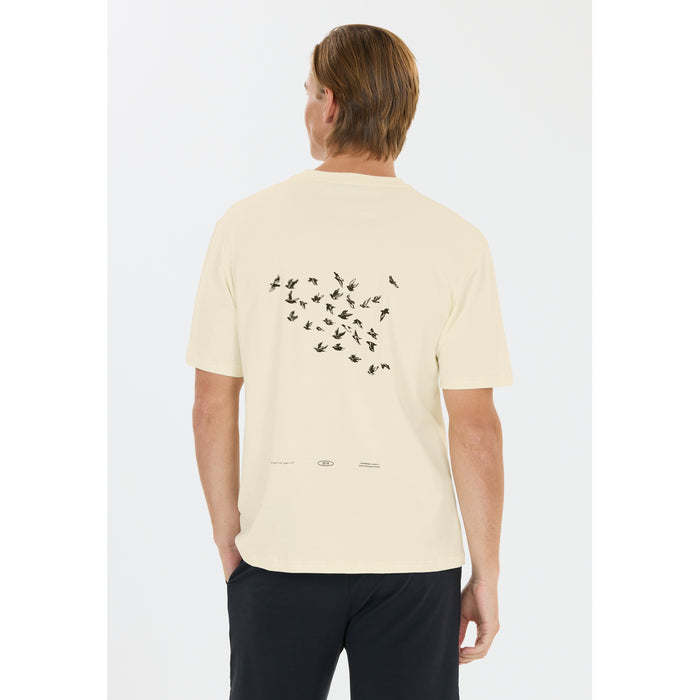 VIRTUS Brody M Graphic Tee T-shirt 1115 Egret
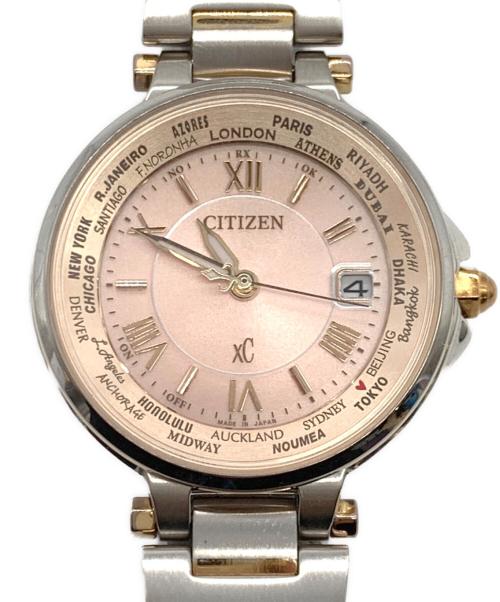 CITIZEN（シチズン）CITIZEN (シチズン) ソーラー腕時計の古着・服飾アイテム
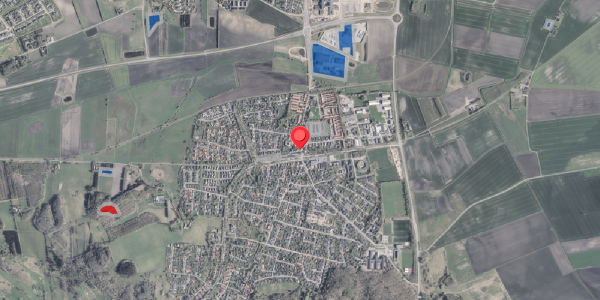 Jordforureningskort på Pakhusvej 2, . , 9260 Gistrup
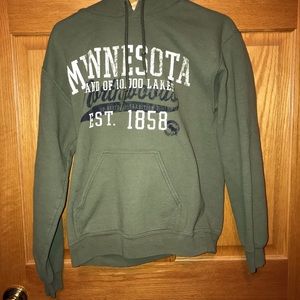 Minnesota sweatshirt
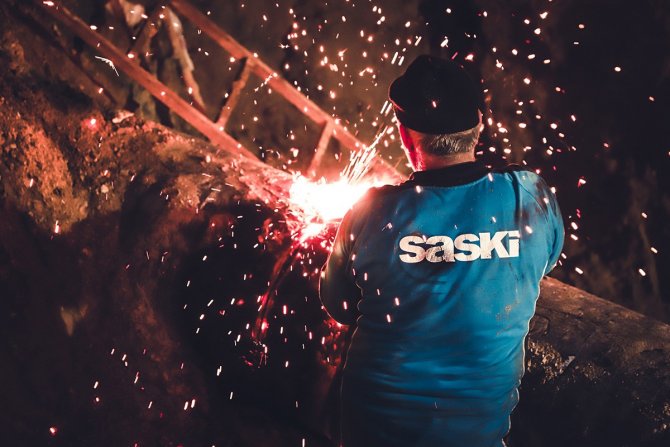 Arifiye’ye İçme Suyu Sağlayan Hat, Sabaha Kadar Süren Çalışmalar İle Yenilendi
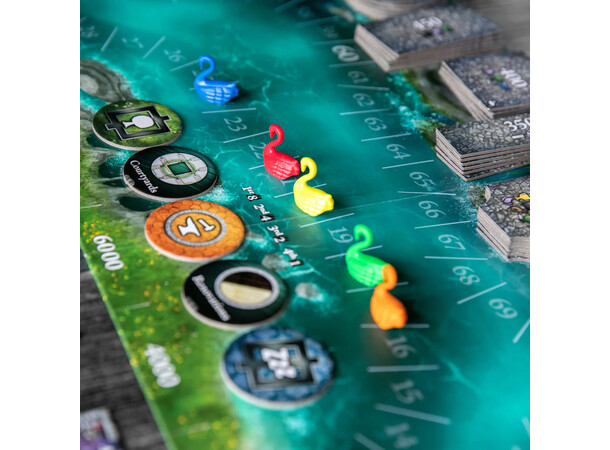 Castles of Mad King Ludwig Expansions Second Edition 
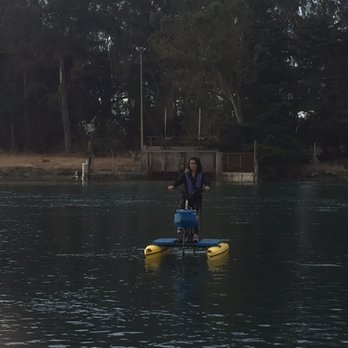 Monterey Bay Hydrobikes - Rafting/Kayaking Near Me - Moss Landing, California Monterey Bay Hydrobikes - Rafting/Kayaking Near Me - Moss Landing, California
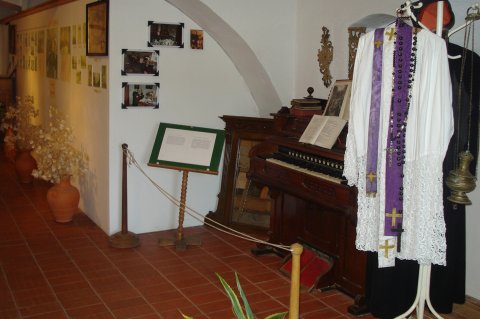 Kühár Emlékház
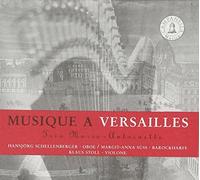 Musique a Versailles - CD - G3z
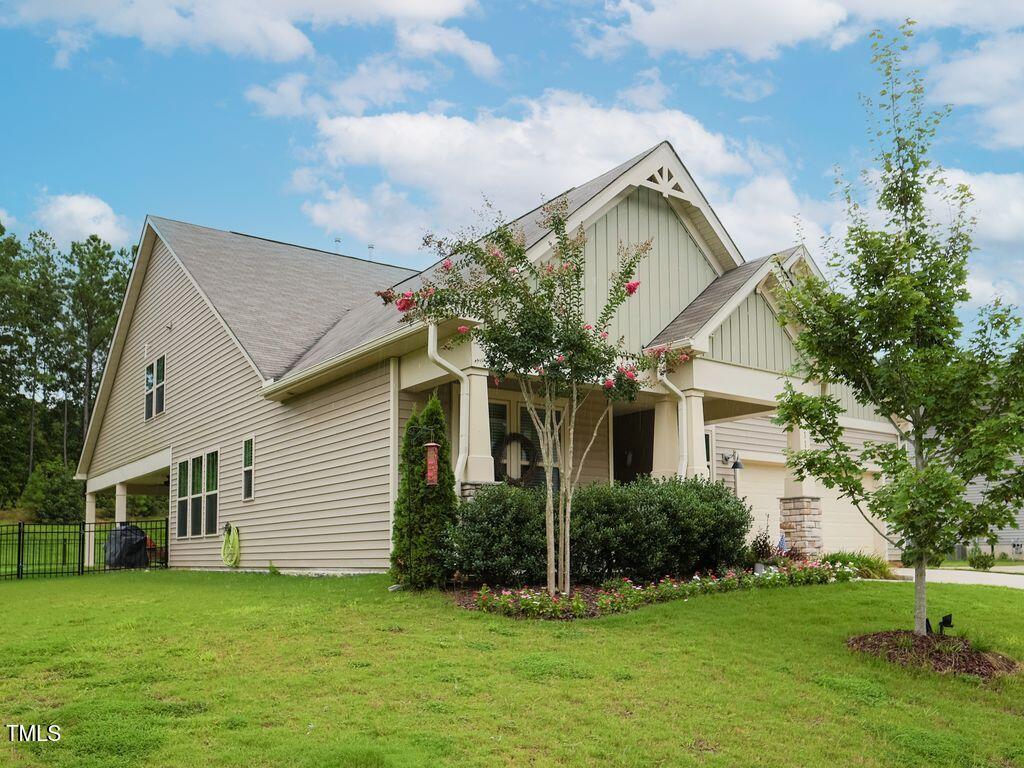 110 Point View Way Franklinton, NC 27525 - Photo 5 of 62 p4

▬▬▬

_PROBLEM STATEMENT_
Text only, please: give the listing again word for word with no images.

_RESULT OF THIS EXERCISE_
 VIRTUS Brody M Graphic Tee T-shirt 1115 Egret
 CITIZEN（シチズン）CITIZEN (シチズン) ソーラー腕時計の古着・服飾アイテム
 Jordforureningskort på Pakhusvej 2, . , 9260 Gistrup
 Minnesota sweatshirt
 Arifiye’ye İçme Suyu Sağlayan Hat, Sabaha Kadar Süren Çalışmalar İle Yenilendi
 Castles of Mad King Ludwig Expansions Second Edition 
 Monterey Bay Hydrobikes - Rafting/Kayaking Near Me - Moss Landing, California Monterey Bay Hydrobikes - Rafting/Kayaking Near Me - Moss Landing, California
 Kühár Emlékház
 Musique a Versailles - CD - G3z
 110 Point View Way Franklinton, NC 27525 - Photo 5 of 62 p4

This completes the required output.